El cine de alfombra roja, eso es Sánchez. El cine de un guapo como de algún Superman moderno y olvidado y que se quedó para ir del brazo. El cine del que ni siquiera llega a hacer el papel, sino que dice que lo hará o que está haciéndolo y luego no lo hace, el que está en el cine sin hacer cine como el que está en la literatura sin hacer literatura. La verdad es que ni siquiera podríamos llamar éxito político a lo de Sánchez. Y no ya porque Sánchez no haga política sino nudos de pajarita con los votos (sería como decir que Stallone ha tenido éxito como boxeador o Eastwood como pistolero). Sobre todo, es que no creo que se pueda llamar éxito a lo suyo. O sea, a estar en la Moncloa por los pelos como estar en Beverly Hills por los pelos, igual que un actor de Friends. A ser presidente después de tragar todo lo que se puede tragar aquí o en Hollywood, piscinas enteras de lo que haya que tragarse; después de engañar y de mentir, y aun así todavía depender de que Rufián te lleve del brazo como un novio de Nicole Kidman.

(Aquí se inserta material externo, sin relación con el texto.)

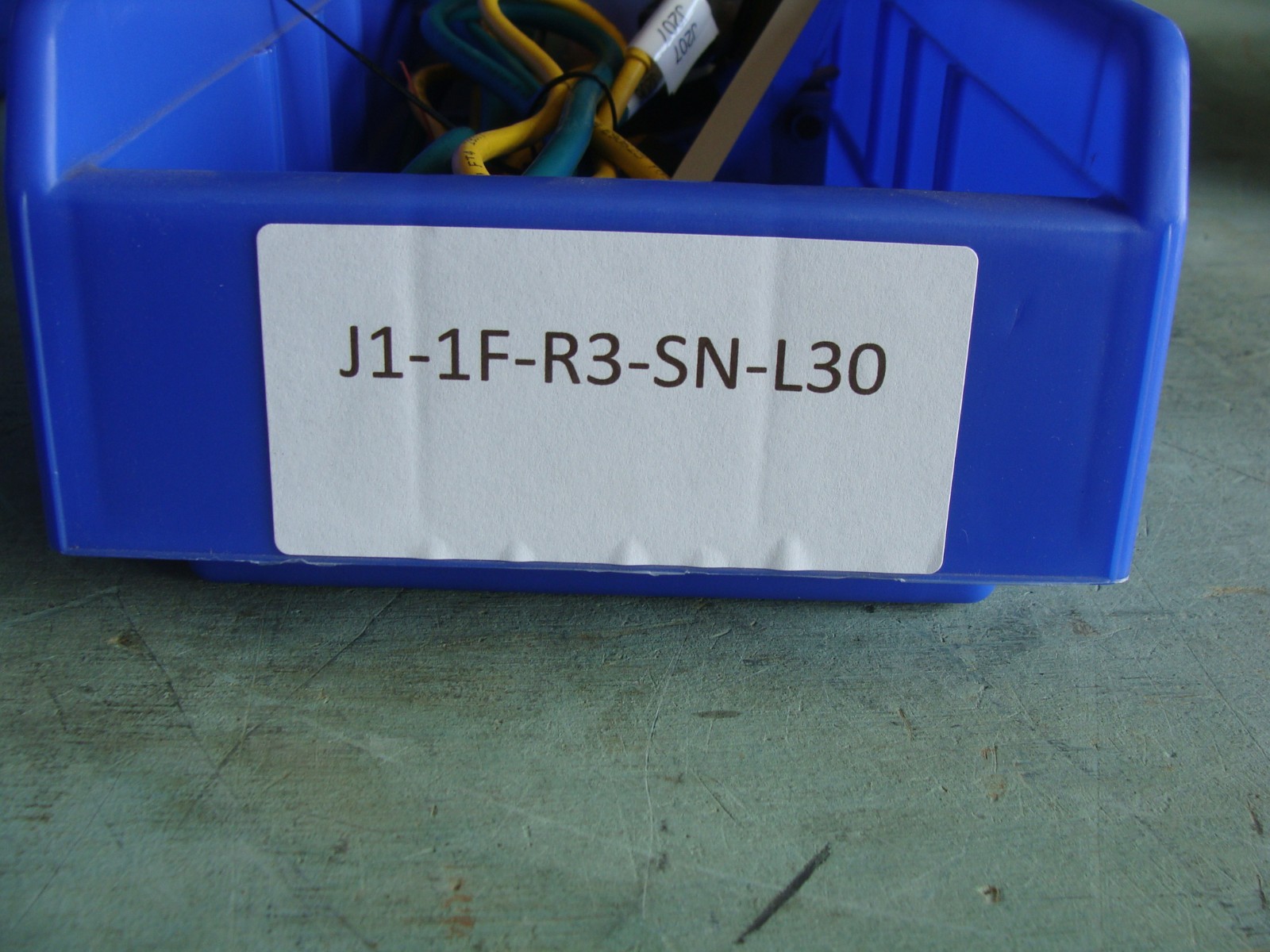 COGNEX DATAMAN BARCODE READER DM200X 821-0025-3R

Sánchez estará en los Goya, la fiesta apeluchada de nuestros falsos cowboys y nuestros falsos héroes y nuestros falsos principitos de la intelectualidad, que un actor no tiene por qué ser más intelectual que el Spiderman gordo de la Puerta del Sol. El cine se parece a nuestros sueños, decía Mark Cousins también. El mérito de Sánchez ha sido meternos en su película y convencernos de que es nuestro sueño, no el suyo. Ganar tampoco es tan difícil pudiendo decir y hacer cualquier cosa sin atender ni a la coherencia ni a las consecuencias. Lo difícil es que todavía haya quien se crea su papelón increíble, como el que se creía que Leonard Nimoy era Spock y podía dormirte de un pellizco. Aunque sea sólo por esto, Sánchez se merece un premio. Un Goya o lo que sea, un cabezón de piedra monclovita o un figurín de latón vacío, un españolísimo y triunfal marmolillo de la mentira burda y encebollada vendida con sonrisa de claqué, tan americana y patinadora.

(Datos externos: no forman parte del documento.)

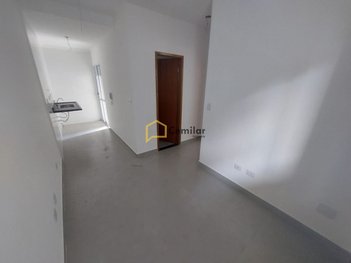 apartment em Rua Porto Lucena, Vila Dalila - São Paulo - SP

El cine es una mentira envuelta bellamente en otras mentiras. La mentira de la luz, la del movimiento y así hasta la del falso héroe o la del falso cowboy o la del falso intelectual. Pedro Sánchez va a ir a los Goya y será como ir a su casa o a su alma máter, a sentirse parte de esa mentira artistificada que llega hasta a regalarse una fiesta empaquetada de rojo como una caja de bombones. De lo mejor que tiene la última de Tarantino, Érase una vez en Hollywood, es la manera en la que nos enseña que el cowboy cinematográfico es en realidad sólo un bebedor de margaritas y que necesita otra mentira del cine, la de Tarantino, para ser héroe de nuevo. Tarantino, en la misma película, nos saca de la mentira y nos mete en la mentira, igual que Sánchez.